■ EXERCISE: What you return must match the listing below line for line, minus its pictures.

■ PROVIDED MATERIAL:
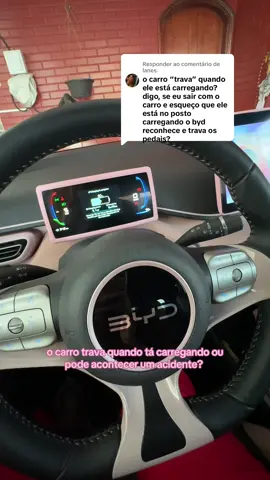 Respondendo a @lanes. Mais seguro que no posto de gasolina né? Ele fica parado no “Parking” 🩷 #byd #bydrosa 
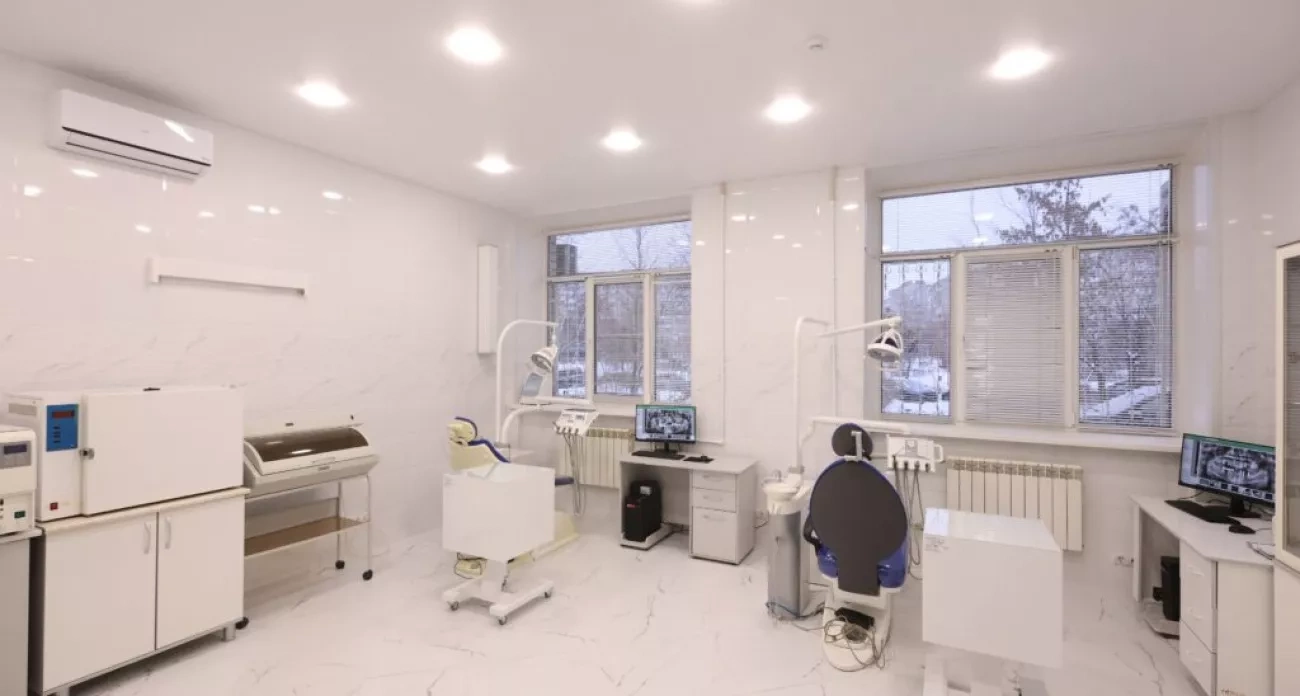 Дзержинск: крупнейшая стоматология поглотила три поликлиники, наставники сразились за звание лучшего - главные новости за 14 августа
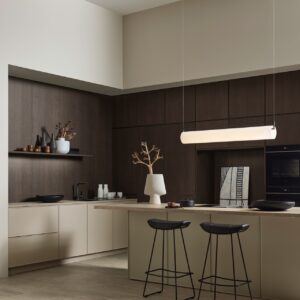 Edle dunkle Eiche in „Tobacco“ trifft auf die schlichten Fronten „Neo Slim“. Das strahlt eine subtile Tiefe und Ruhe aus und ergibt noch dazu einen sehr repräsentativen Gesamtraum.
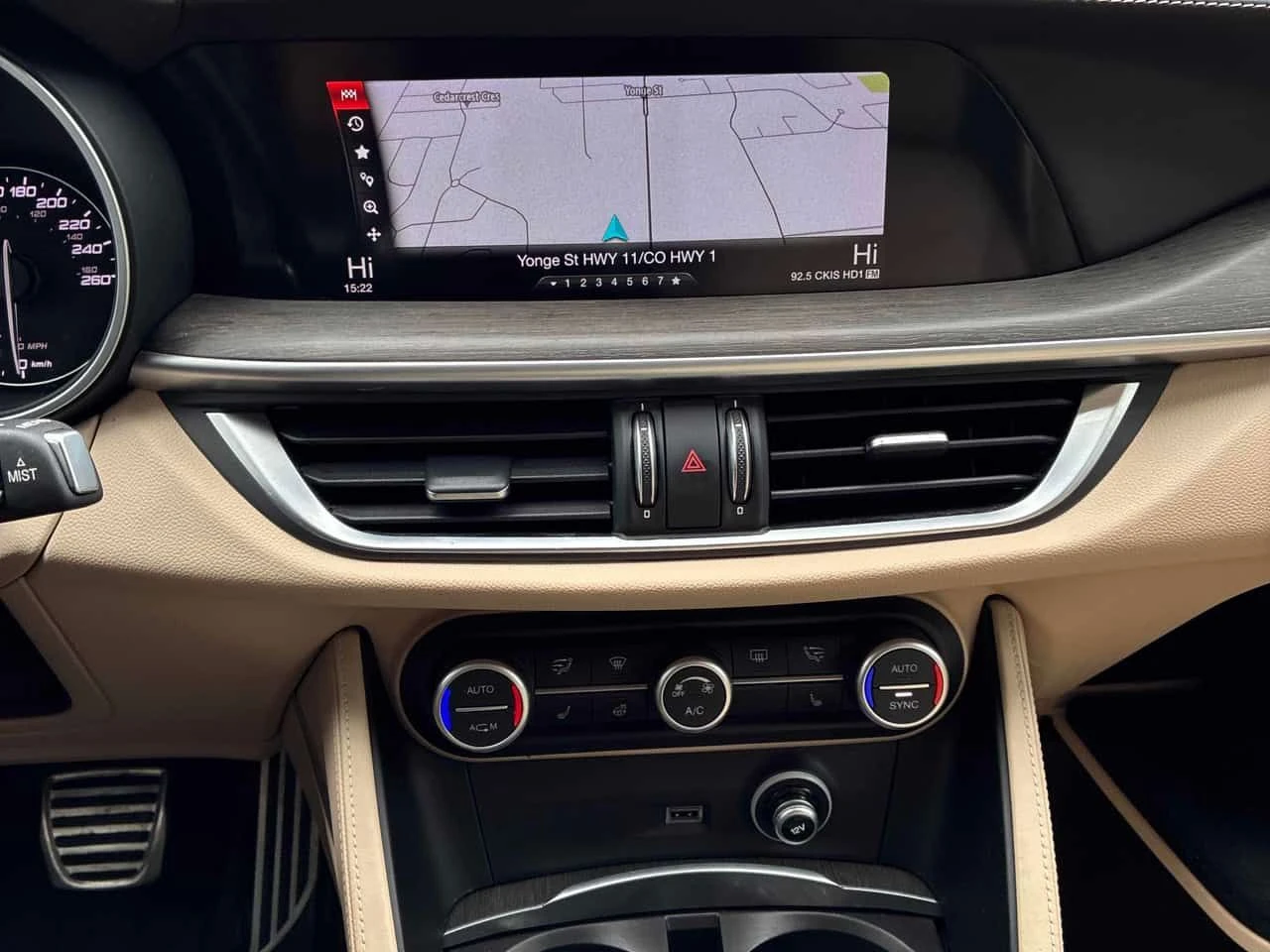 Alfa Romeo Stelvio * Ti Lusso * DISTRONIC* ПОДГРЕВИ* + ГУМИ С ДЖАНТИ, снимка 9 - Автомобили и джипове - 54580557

■ ANSWER AREA:
 Respondendo a @lanes. Mais seguro que no posto de gasolina né? Ele fica parado no “Parking” 🩷 #byd #bydrosa 
 Дзержинск: крупнейшая стоматология поглотила три поликлиники, наставники сразились за звание лучшего - главные новости за 14 августа
 Edle dunkle Eiche in „Tobacco“ trifft auf die schlichten Fronten „Neo Slim“. Das strahlt eine subtile Tiefe und Ruhe aus und ergibt noch dazu einen sehr repräsentativen Gesamtraum.
 Alfa Romeo Stelvio * Ti Lusso * DISTRONIC* ПОДГРЕВИ* + ГУМИ С ДЖАНТИ, снимка 9 - Автомобили и джипове - 54580557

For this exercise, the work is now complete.